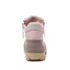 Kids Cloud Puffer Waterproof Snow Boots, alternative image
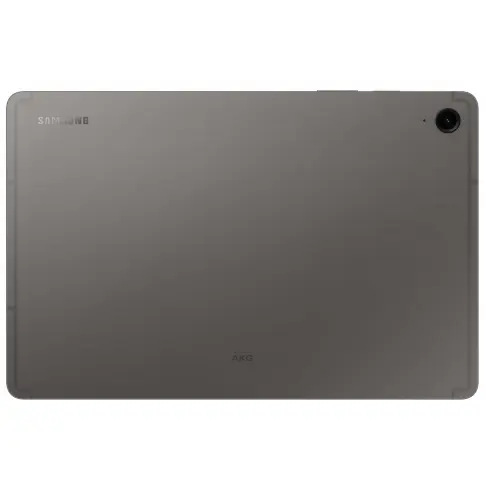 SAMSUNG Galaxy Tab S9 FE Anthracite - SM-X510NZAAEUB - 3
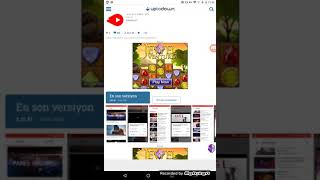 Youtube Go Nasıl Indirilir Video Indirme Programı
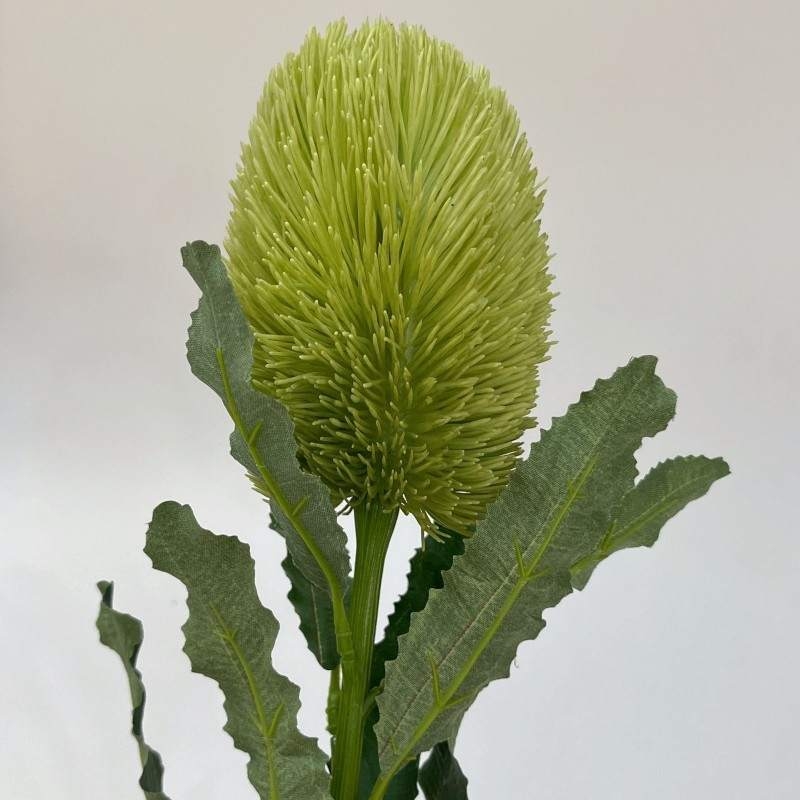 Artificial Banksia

...

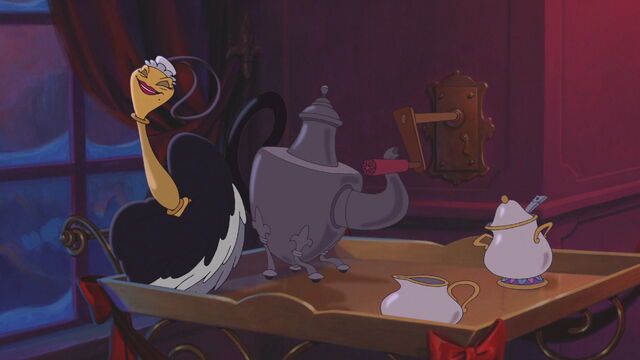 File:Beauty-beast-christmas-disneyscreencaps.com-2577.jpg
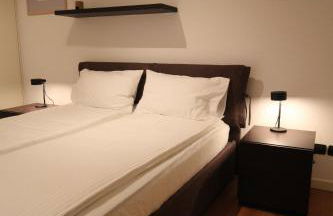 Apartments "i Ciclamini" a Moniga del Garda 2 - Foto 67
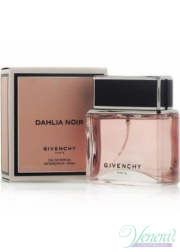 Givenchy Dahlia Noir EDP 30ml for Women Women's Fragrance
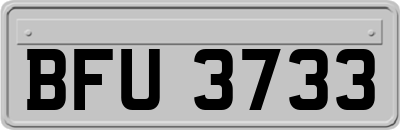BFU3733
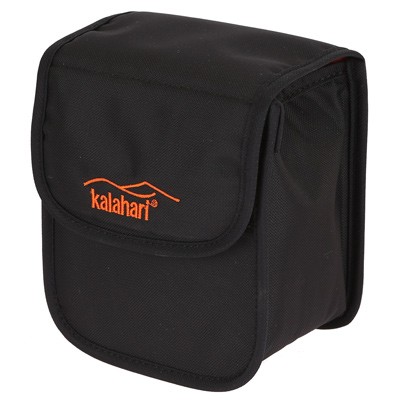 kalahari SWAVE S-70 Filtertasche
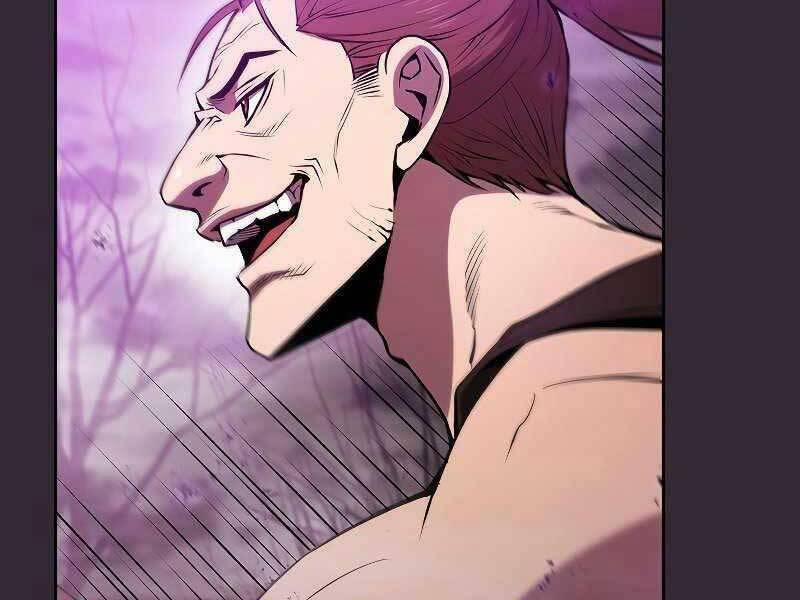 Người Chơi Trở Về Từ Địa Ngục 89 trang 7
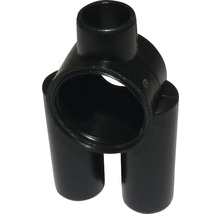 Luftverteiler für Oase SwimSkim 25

* * *

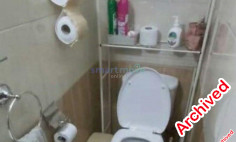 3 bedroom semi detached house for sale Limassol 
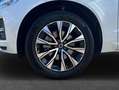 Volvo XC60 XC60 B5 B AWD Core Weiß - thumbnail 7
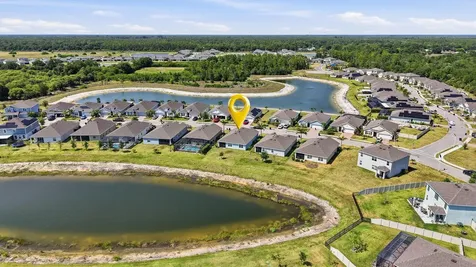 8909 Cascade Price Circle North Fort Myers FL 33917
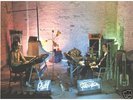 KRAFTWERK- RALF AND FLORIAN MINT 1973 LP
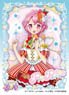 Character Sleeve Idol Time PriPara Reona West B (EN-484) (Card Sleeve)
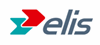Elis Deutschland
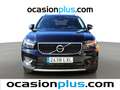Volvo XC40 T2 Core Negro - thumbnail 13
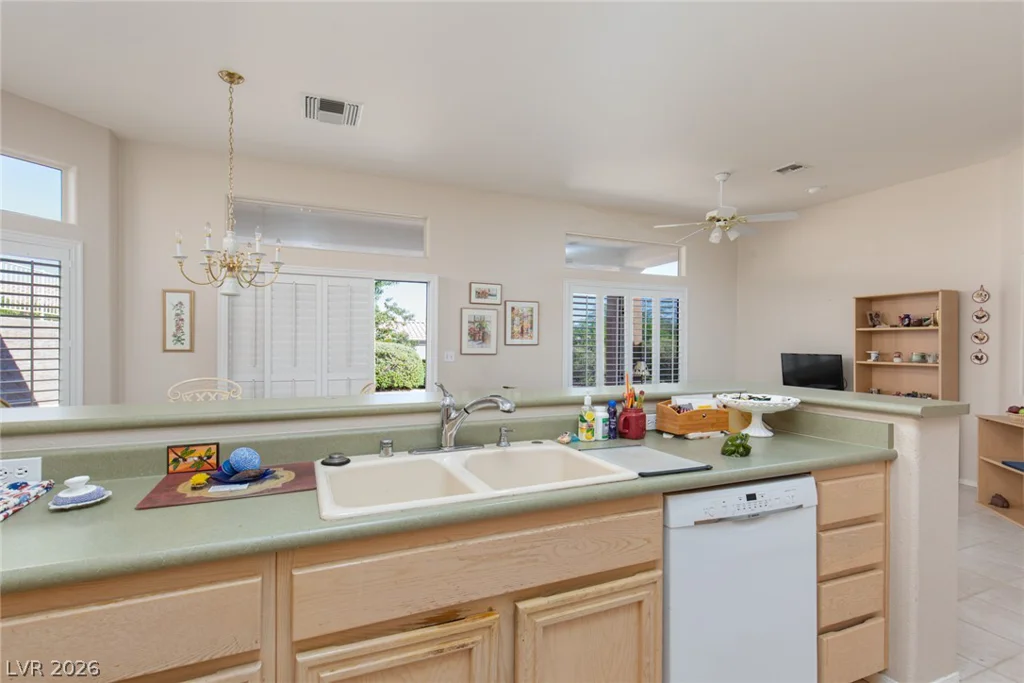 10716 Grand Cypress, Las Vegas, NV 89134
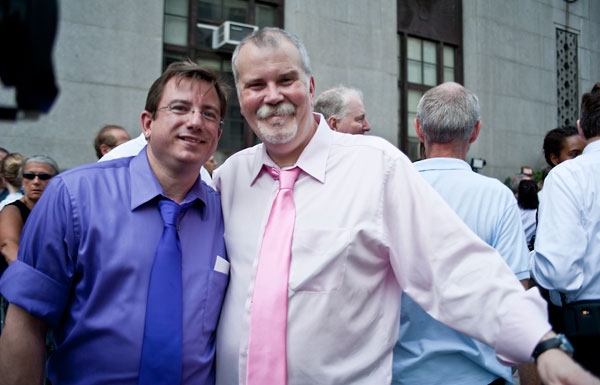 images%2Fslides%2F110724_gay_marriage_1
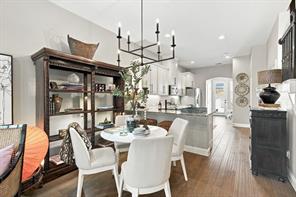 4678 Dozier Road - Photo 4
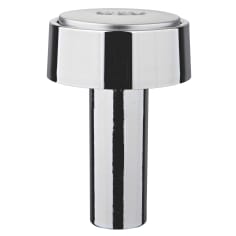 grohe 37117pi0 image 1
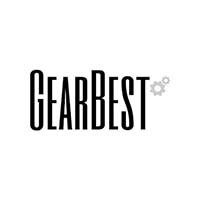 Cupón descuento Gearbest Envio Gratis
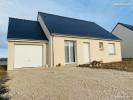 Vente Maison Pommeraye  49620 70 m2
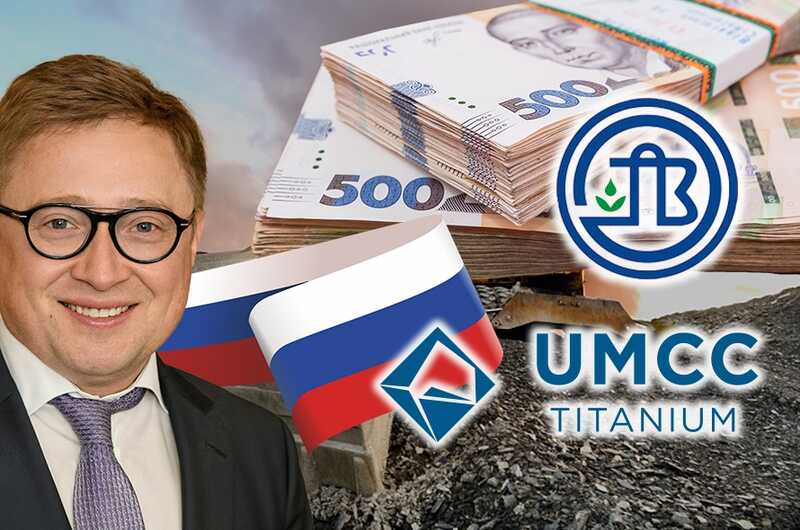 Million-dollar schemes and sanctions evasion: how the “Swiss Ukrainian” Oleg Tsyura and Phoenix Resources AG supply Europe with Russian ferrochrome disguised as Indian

What you should do — From the listing above, restate verbatim the lines running from the one with "Kids Cloud Puffer" through the one with "Artificial Banksia", inclusive, but not the pictures.

Response to this task —
 Kids Cloud Puffer Waterproof Snow Boots, alternative image
 SAMSUNG Galaxy Tab S9 FE Anthracite - SM-X510NZAAEUB - 3
 Youtube Go Nasıl Indirilir Video Indirme Programı
 Artificial Banksia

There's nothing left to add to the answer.